[Short text fragments from websites]
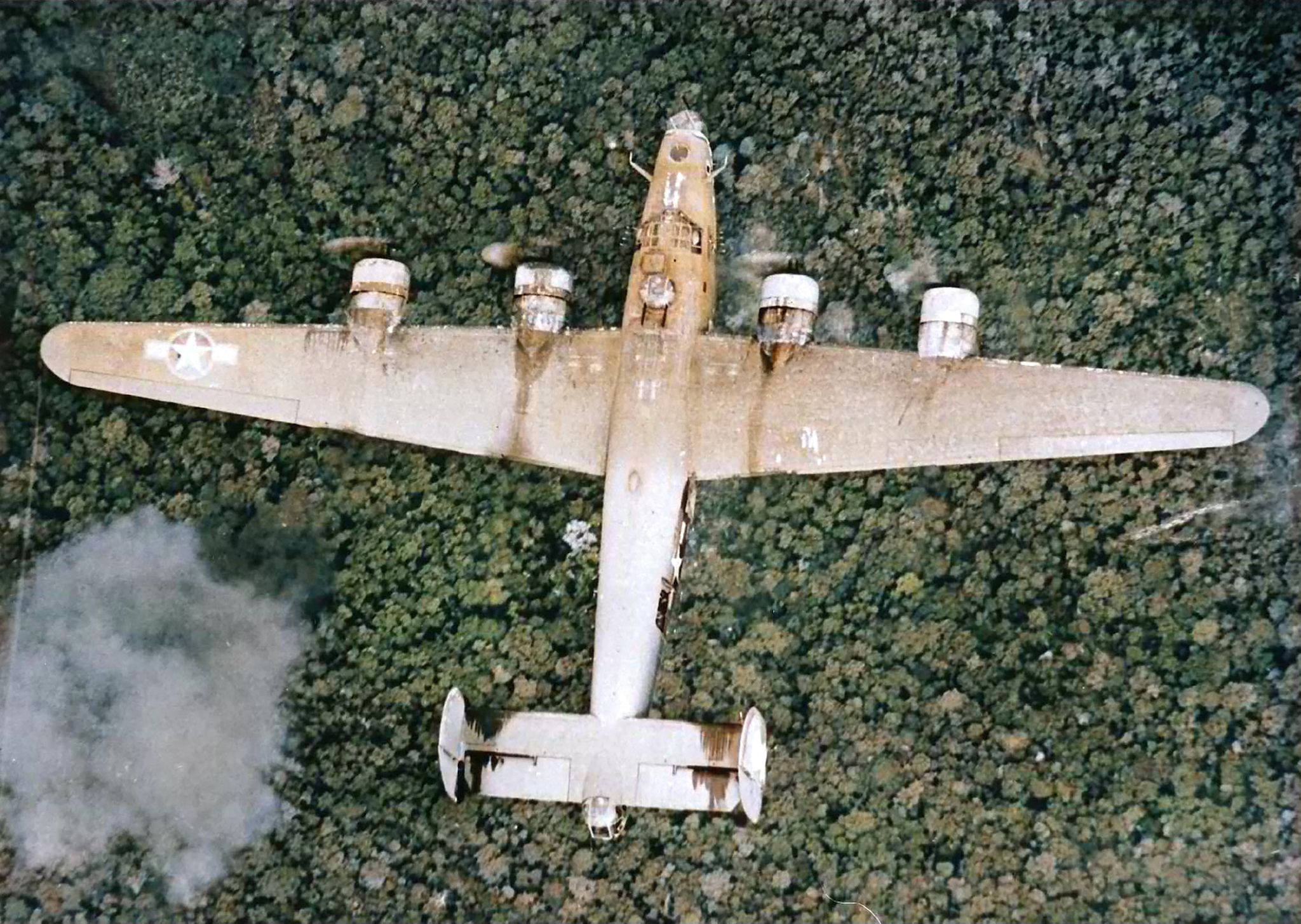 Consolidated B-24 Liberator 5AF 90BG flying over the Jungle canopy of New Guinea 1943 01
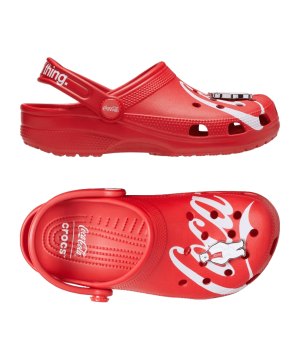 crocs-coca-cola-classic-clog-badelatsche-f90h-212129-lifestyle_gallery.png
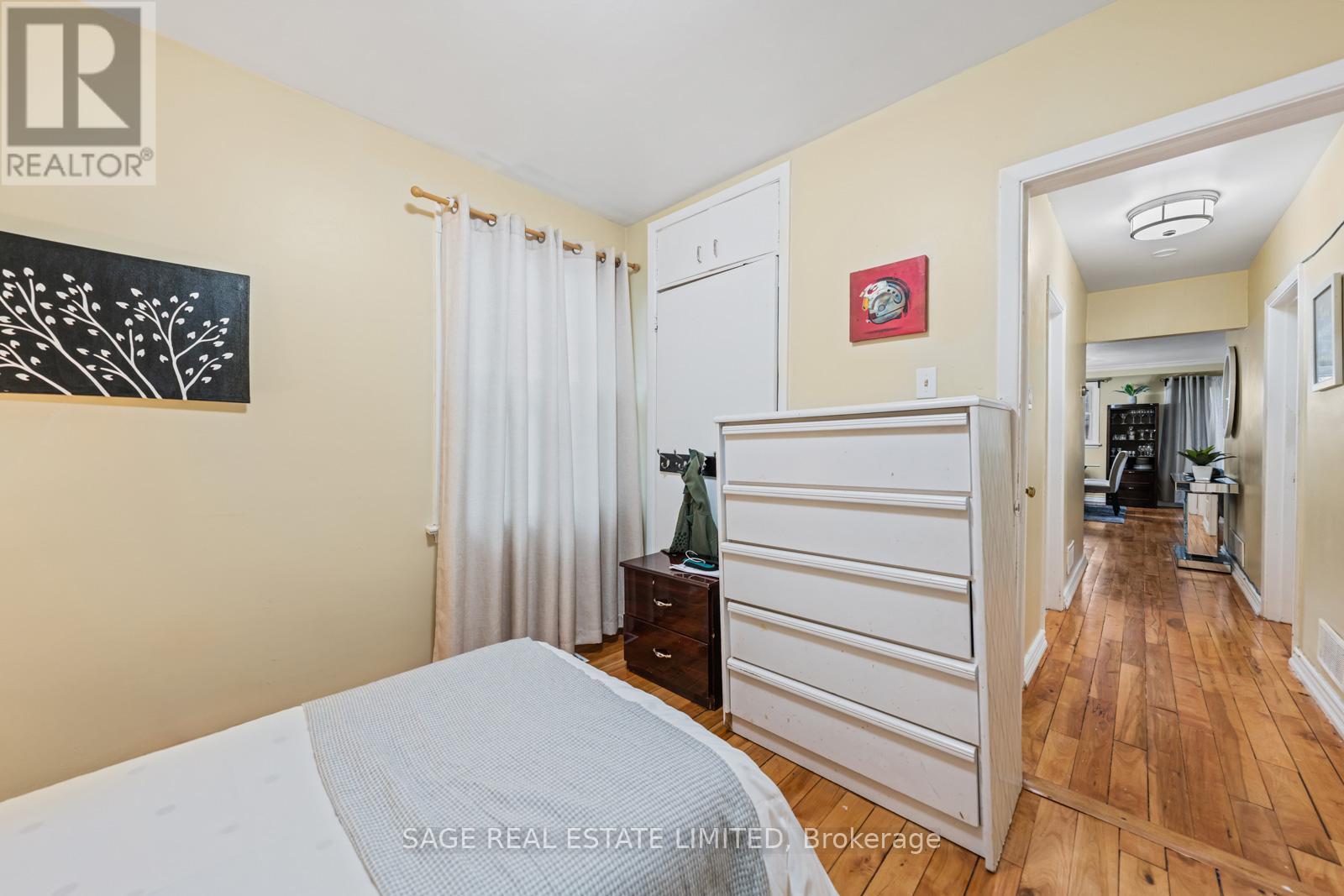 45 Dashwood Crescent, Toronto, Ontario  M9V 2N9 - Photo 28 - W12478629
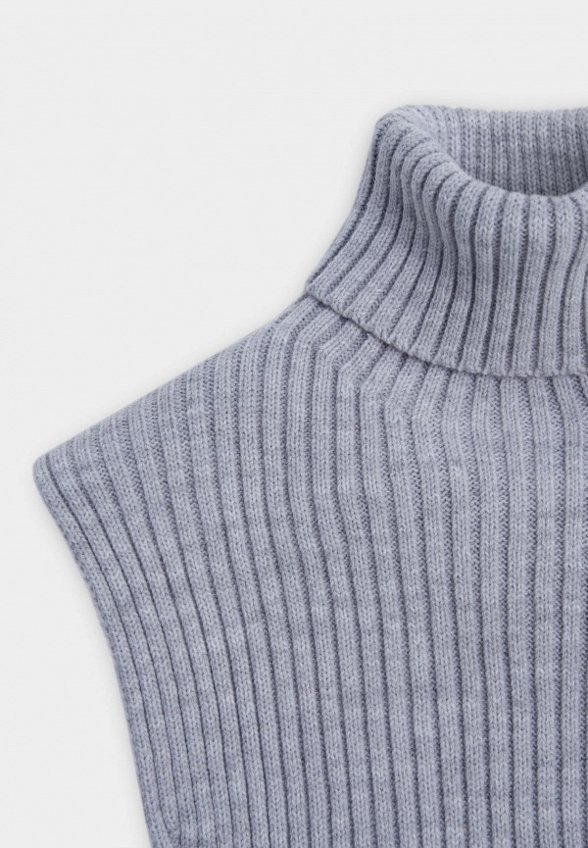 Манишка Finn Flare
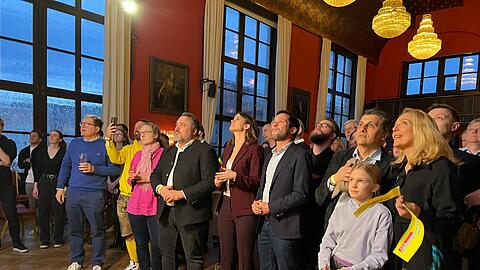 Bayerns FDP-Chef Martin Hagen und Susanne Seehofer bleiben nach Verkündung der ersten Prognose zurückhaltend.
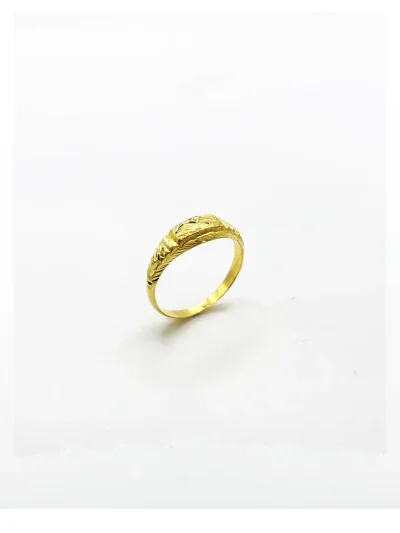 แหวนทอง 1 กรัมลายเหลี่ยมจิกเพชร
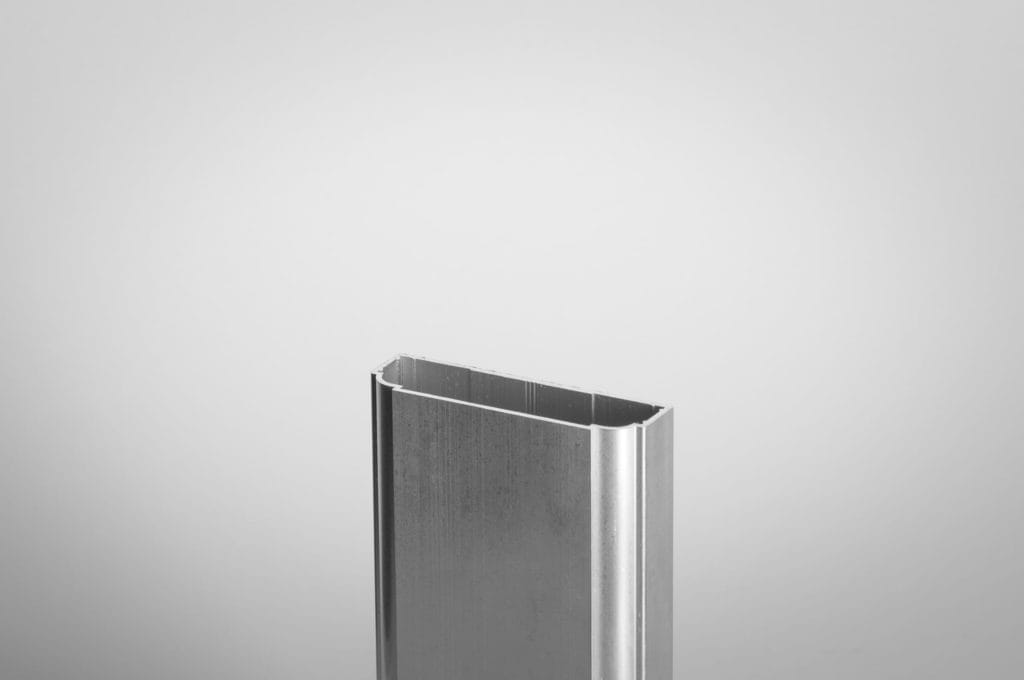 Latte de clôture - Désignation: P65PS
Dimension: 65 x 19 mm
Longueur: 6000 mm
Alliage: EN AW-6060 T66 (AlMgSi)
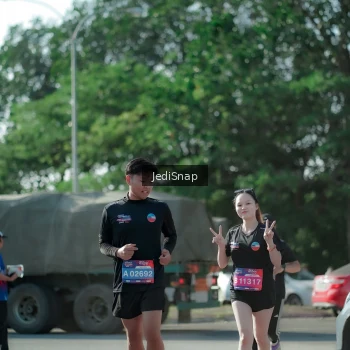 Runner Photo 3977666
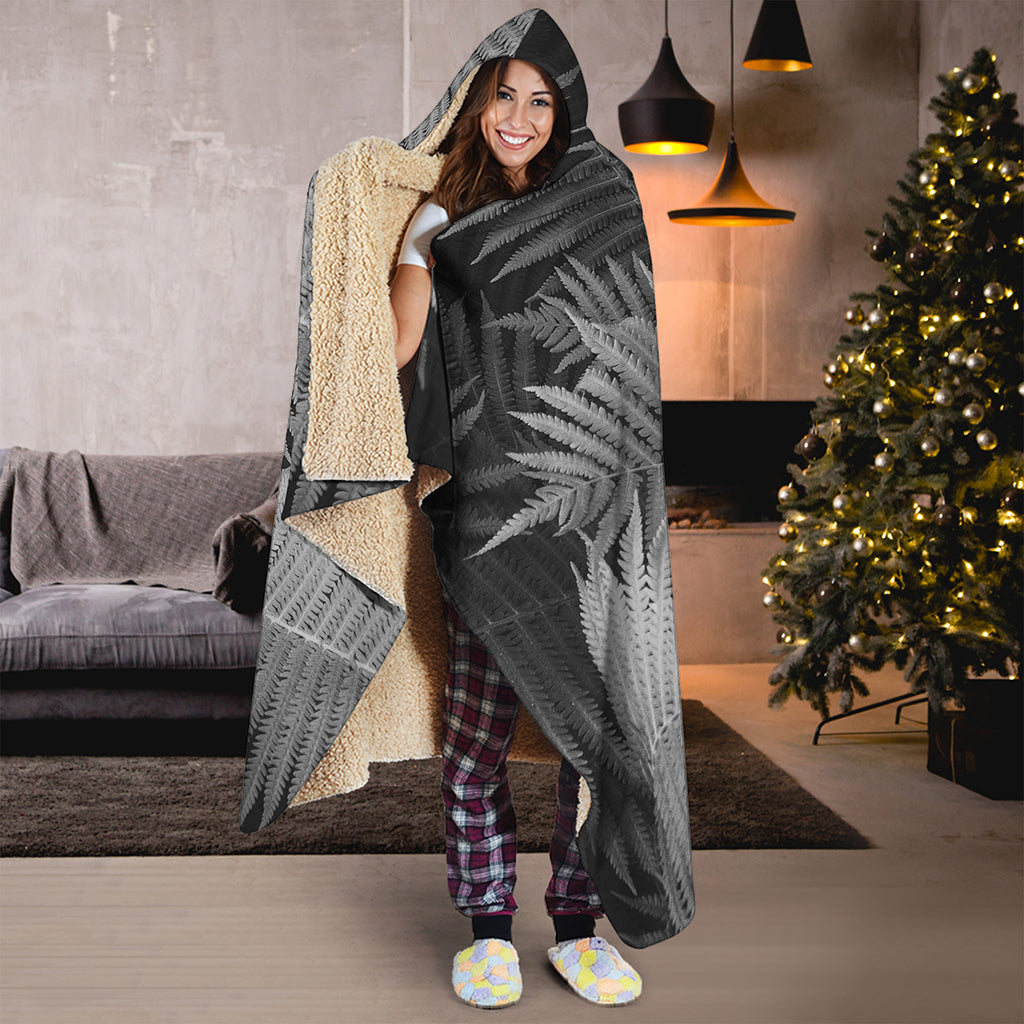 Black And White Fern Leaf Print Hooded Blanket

▸ PROBLEM DETAILS
Where a line contains "Runner Photo 3977666", begin there and set down exactly each line through the end of the data above, omitting any pictures.

▸ SOLUTION TO THIS EXERCISE
 Runner Photo 3977666
 Black And White Fern Leaf Print Hooded Blanket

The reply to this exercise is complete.